Risk Management

Risk Management

WorldOver’s risk management has the primary objective of avoiding loss of capital rather than reducing volatility.

Although we use industry accepted benchmarks to measure performance, our overriding goal is to achieve superior returns for our clients. To this end there will be a constant assessment of the
portfolio characteristics and the resulting risk.

Although we may utilize various risk measurement systems, experience has shown that the best risk management tool is a rigorous and continuous focus on profit and loss performance attribution and rapid identification of any problem areas.

The nature of WorldOver’s portfolio which is concentrated in relatively few small to mid-cap, somewhat out-of-favour stocks means that the key risks relate to the performance of these individual stocks. They are usually more volatile and less market-correlated than the larger equities which comprise the bulk of the benchmark market indices.

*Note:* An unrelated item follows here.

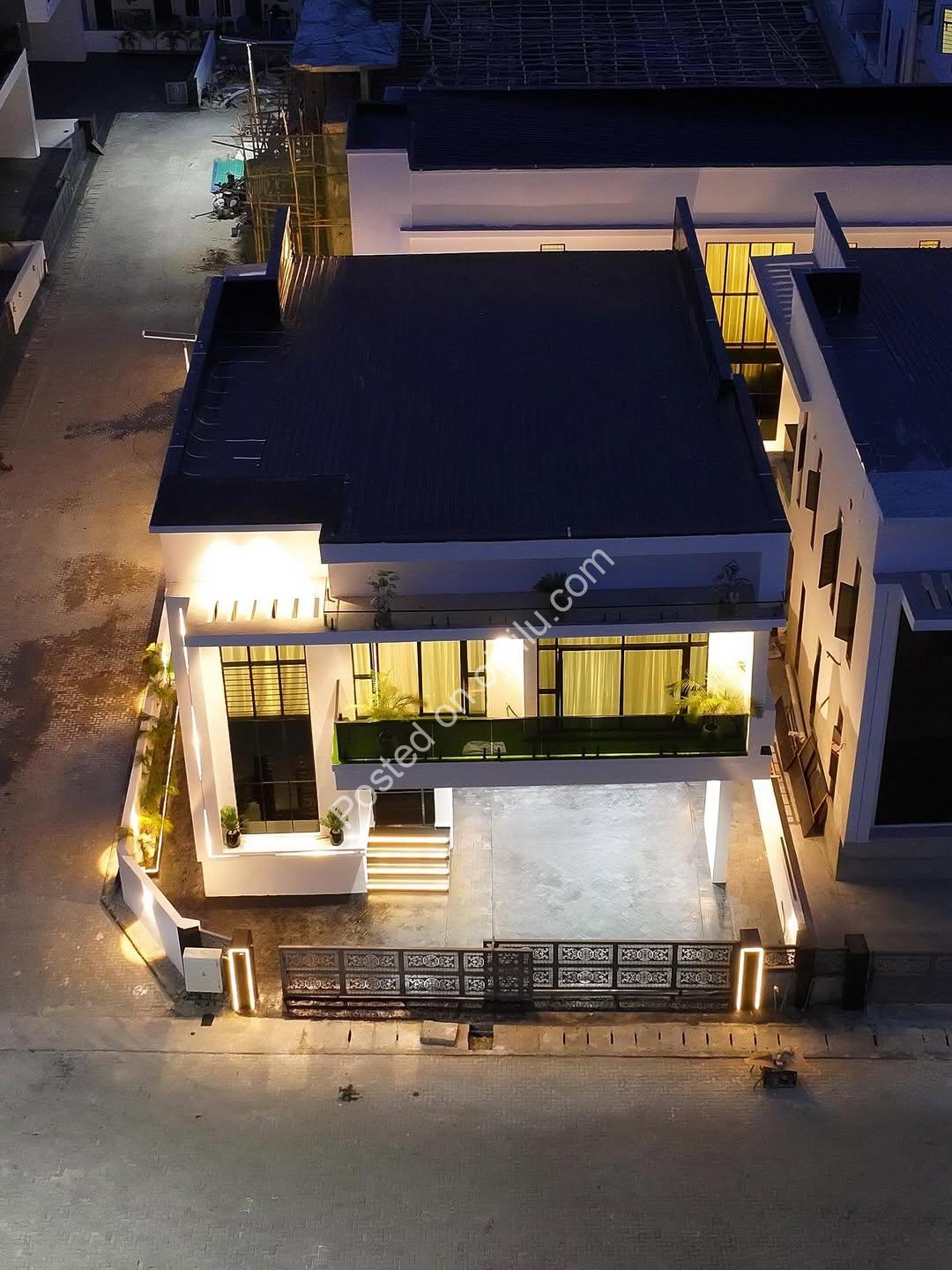 5-Bed Detached Duplex: Pool, Gym & Premium Finishes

WorldOver does its best to reduce these risks by performing in depth research on each counter and by buying when we deem them to be extremely undervalued.

In addition to the risk of the individual stocks, there are also sector, country, and overall equity market risks.

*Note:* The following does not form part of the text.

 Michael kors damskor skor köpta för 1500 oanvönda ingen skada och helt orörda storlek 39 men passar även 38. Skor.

WorldOver regularly analyzes its portfolio with regard to these generalized market risks arising from credit concerns, valuation levels, commodity exposures, etc. and attempts to reduce their negative impact on the portfolio’s performance by employing the cheapest and most efficient risk management available.

Although WorldOver is agnostic as to instrument choice, using cash equities, options, futures, etc., in practice the risk management strategy will often employ the flexibility provided by the options markets in order to tailor a specific return profile.